Hard cider is not like the unfiltered apple juice found on grocery shelves.

For one thing, it’s almost always dry, not sweet. And it doesn’t all taste the same.

Hard cider, which is sometimes also made with special cider pears and called perry cider, doesn’t have the complexity of fine wine and is best drunk young.

But artisan producers wise to the discriminating tastes of a public prepared to pay between $13 and $30 for a bottle of cider try to make the experience as intriguing, challenging and satisfying as they can.

Some is made like champagne and tastes just as refined.

Sometimes hard cider is specially flavored with berries, and all are made to reflect the special character of the apples used to make it.
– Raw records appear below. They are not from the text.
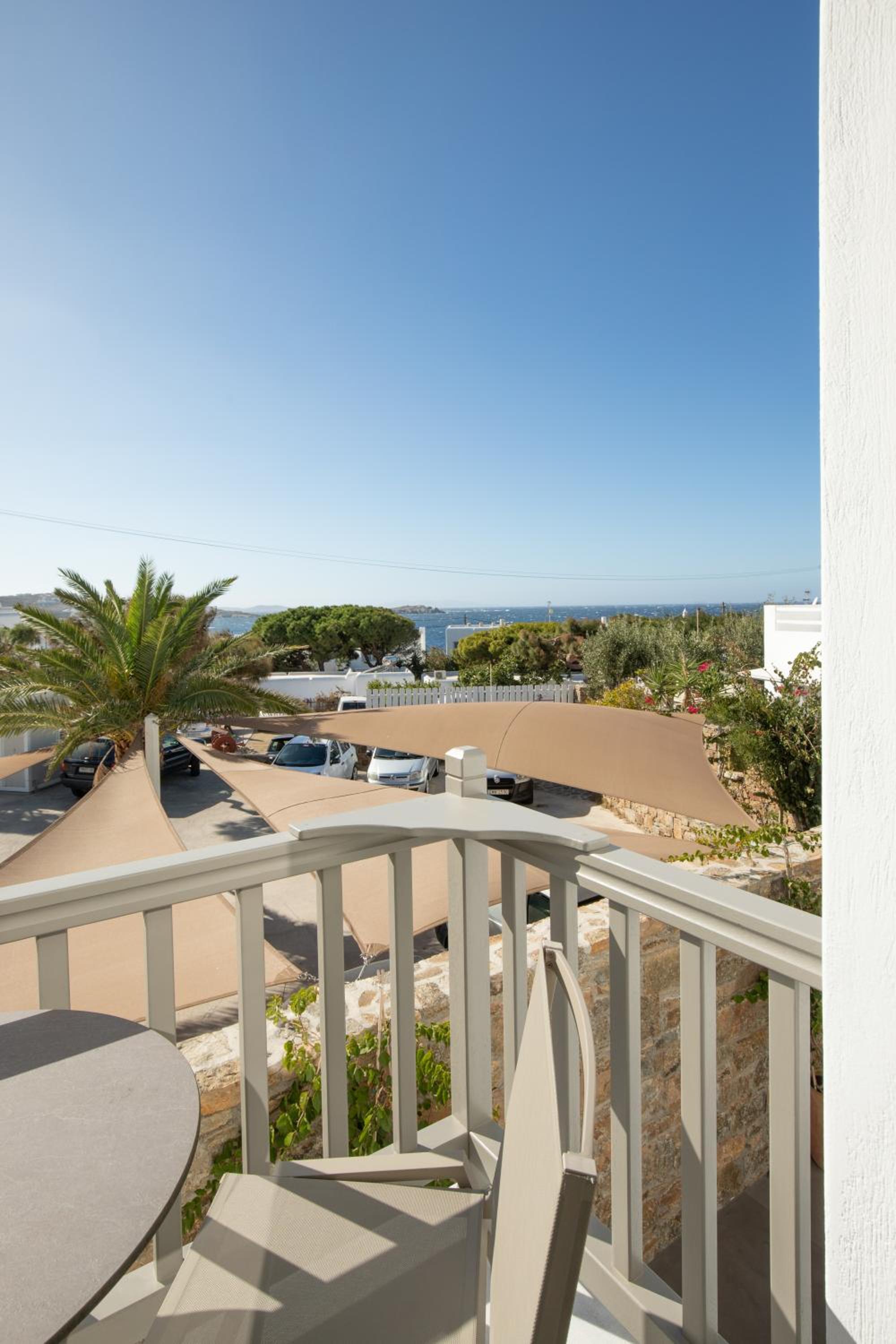 Deluxe Double Room with Balcony and Sea View photo 2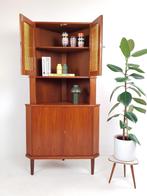 Vintage hoekkast teak | glas geel | vitrine kast hoek, Ophalen of Verzenden, Huis en Inrichting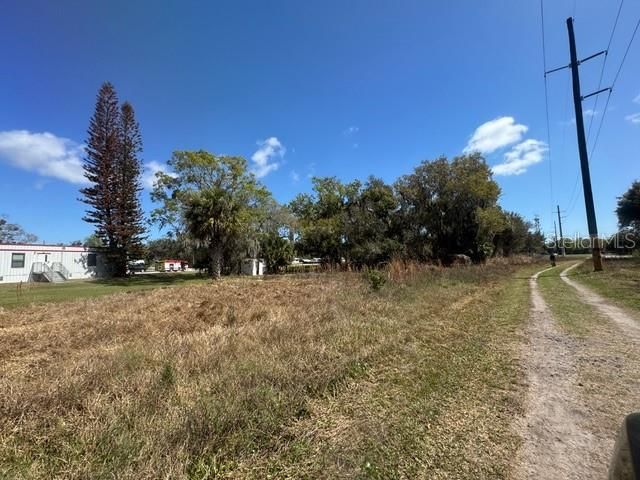 待售: $180,000 (0.72 acres)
Finnriver Farm in Chimacum will soon include three new apple-based cordials and plans to distill a high-alcohol product for apple brandy and dessert wine within the next several months.

Finnriver Farm

“This year’s production will have about 10 to 14 products as opposed to the four we had last year,” said Keith Kisler, who runs the farm with his wife, Crystie, and their business partner, Eric Jorgensen.

The Kislers started the organically certified farm in 2004 with another couple, following Keith’s dream to continue in his Eastern Washington farm family’s tradition.

They produce a wide variety of crops, meat, eggs and flour sold throughout the Puget Sound region, but last season’s first cider offering of 1,000 cases sold out and accounted for half the farm’s business, Kisler said.

Each of the three cideries began in different ways, and each produces its own distinct products.

“We’re all different from each other, which I think is an unintentional thing that happened,” Kisler said.

Eaglemount

Just down the main road from Finnriver, following a turnoff, Jim and Trudy Davis started selling some award-winning reds made with Eastern Washington grapes at Eaglemount Wine and Cider in 2006.

The next year, they were also putting out hard ciders made from the heirloom apples at their 1883 homestead as well as neighboring orchards and some from Eastern Washington.

They aren’t organically certified, but “everything is unsprayed,” Jim said.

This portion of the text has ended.